This isn’t right, it can’t be, I’m not big enough, something is
wrong—

‘The baby’s beautiful, Clare, beautiful.
Push!

‘I
am
fucking pushing!’ I scream.

There’s a sudden rush and slither, and the pressure has gone.

‘Open your eyes,’ Marc whispers.

My baby is placed in my arms. He isn’t crying. I open my eyes and look directly into his, deep blue like mine and already questioning. His skin and hair are still waxy with vernix.

Minutes later, his twin sister is born. She yells her fury at the indignity of her arrival immediately. Dimly I register that my son still hasn’t drawn his first breath.
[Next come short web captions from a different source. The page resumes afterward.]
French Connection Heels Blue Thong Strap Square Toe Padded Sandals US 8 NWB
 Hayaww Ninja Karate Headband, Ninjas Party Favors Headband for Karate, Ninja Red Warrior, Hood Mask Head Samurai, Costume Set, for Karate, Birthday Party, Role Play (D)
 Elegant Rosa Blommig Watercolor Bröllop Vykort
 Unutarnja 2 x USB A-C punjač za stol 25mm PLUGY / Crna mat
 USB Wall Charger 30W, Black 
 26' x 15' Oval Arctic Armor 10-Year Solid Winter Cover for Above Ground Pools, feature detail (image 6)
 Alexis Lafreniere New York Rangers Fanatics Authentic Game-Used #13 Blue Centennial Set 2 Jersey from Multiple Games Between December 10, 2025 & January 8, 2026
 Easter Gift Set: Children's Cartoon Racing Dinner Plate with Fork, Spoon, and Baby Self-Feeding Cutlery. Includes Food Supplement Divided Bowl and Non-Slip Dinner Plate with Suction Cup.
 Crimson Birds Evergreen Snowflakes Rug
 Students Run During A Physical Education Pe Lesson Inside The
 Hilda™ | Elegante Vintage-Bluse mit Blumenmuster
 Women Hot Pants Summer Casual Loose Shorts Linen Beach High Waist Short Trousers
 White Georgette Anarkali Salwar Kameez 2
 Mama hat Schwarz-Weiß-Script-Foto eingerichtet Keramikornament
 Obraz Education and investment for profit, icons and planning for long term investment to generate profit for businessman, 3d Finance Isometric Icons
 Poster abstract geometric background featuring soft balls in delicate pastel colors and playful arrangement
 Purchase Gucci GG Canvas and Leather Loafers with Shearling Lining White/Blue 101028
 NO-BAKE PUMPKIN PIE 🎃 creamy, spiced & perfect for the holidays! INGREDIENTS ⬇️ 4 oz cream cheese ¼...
I hear the sound of sirens, and a paramedic thrusts her way towards us.

‘Tell them not to worry, I think I’m getting the hang of this,’ I say; and promptly black out.

Our daughter, Poppy (named for the qualities I see in her: pleasure, consolation and peace), takes after Marc. A vital, vigorous baby you want to devour, with smooth honeyed
skin, thick dark hair and lashes like Dusty Springfield’s.

Rowan is pale and blond like me. I hope that, by giving him a name associated with potency and magic, it will somehow keep him safe.

For two weeks Marc shuttles heroically between home, where Poppy is thriving, and the NICU of the Princess Eugenie Hospital, where Rowan clings precariously to life. Meanwhile, in a different
hospital on the other side of London, their hormonal, humiliated and exhausted mother is confined to bed by a virulent infection picked up giving birth in the streets like a gin-soaked whore in a
Hogarth print.

Davina doesn’t visit, of course. I didn’t expect her to.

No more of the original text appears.